WORK INSTRUCTIONS
Could you give the entries back exactly as they stand, minus any pictures?

### DATA SECTION ###

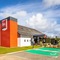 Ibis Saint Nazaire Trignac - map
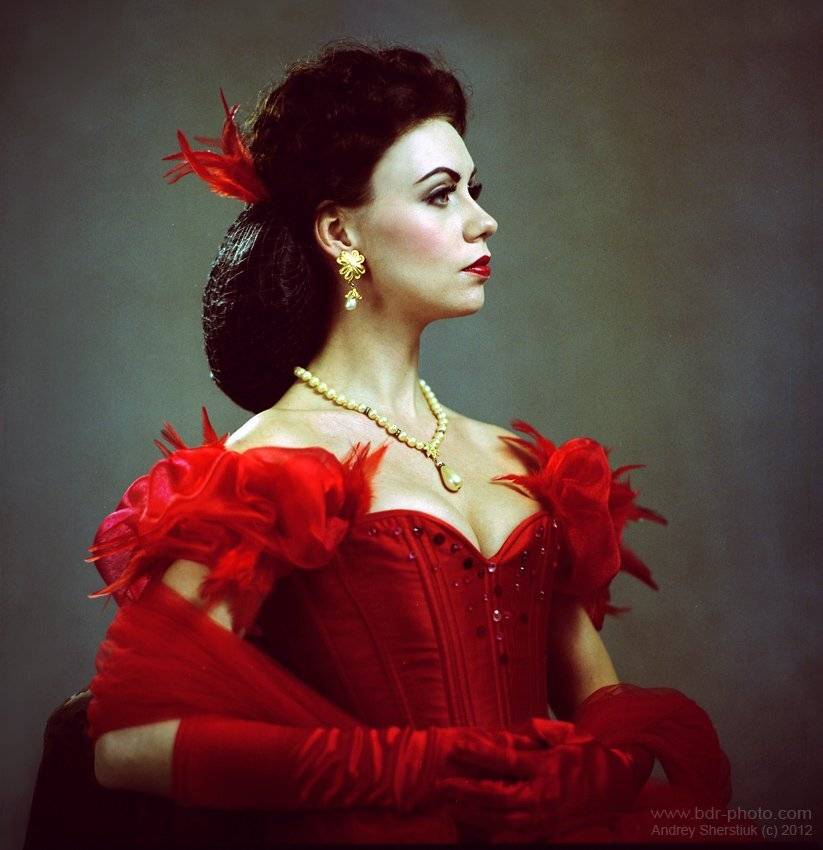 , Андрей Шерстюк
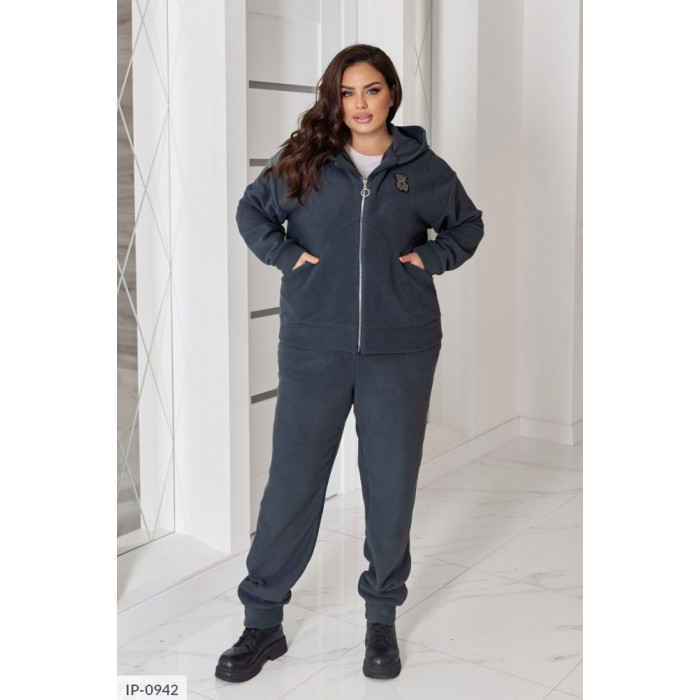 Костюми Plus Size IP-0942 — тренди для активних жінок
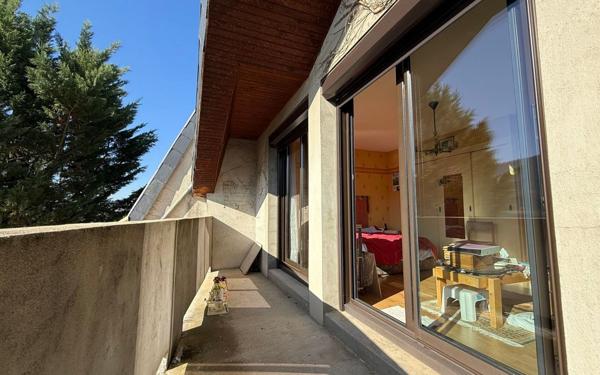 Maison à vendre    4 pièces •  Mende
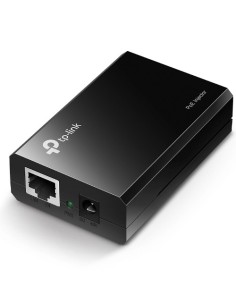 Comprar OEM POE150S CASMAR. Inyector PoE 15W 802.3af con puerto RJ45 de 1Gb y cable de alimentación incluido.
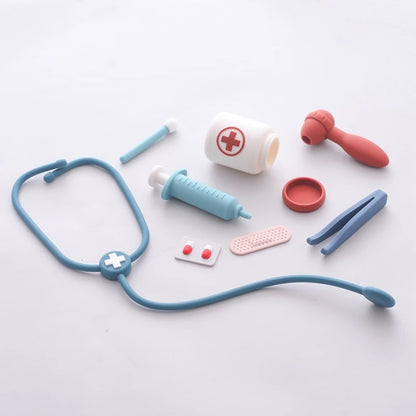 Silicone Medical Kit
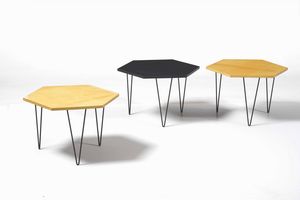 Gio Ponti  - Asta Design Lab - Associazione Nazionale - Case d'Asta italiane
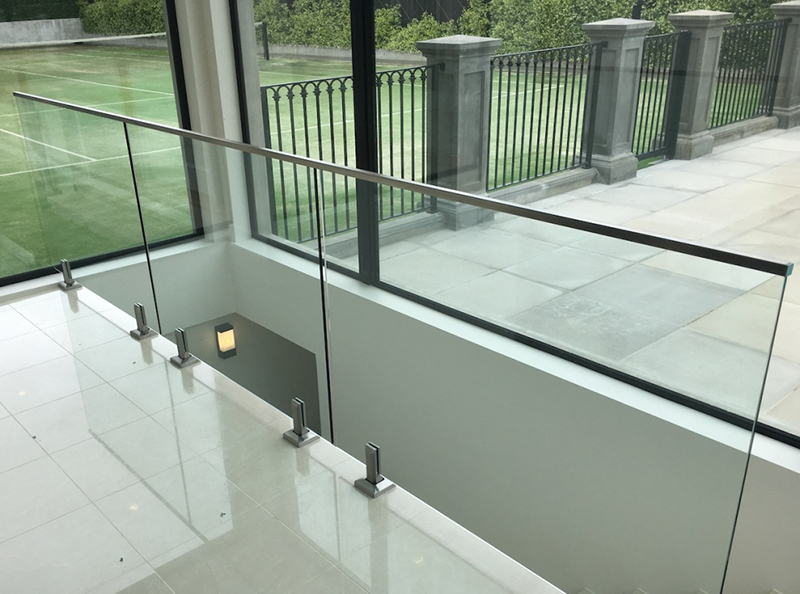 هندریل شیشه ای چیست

###

SOLVED PROBLEM
 Ibis Saint Nazaire Trignac - map
 , Андрей Шерстюк
 Костюми Plus Size IP-0942 — тренди для активних жінок
 Maison à vendre    4 pièces •  Mende
 Comprar OEM POE150S CASMAR. Inyector PoE 15W 802.3af con puerto RJ45 de 1Gb y cable de alimentación incluido.
 Silicone Medical Kit
 Gio Ponti  - Asta Design Lab - Associazione Nazionale - Case d'Asta italiane
 هندریل شیشه ای چیست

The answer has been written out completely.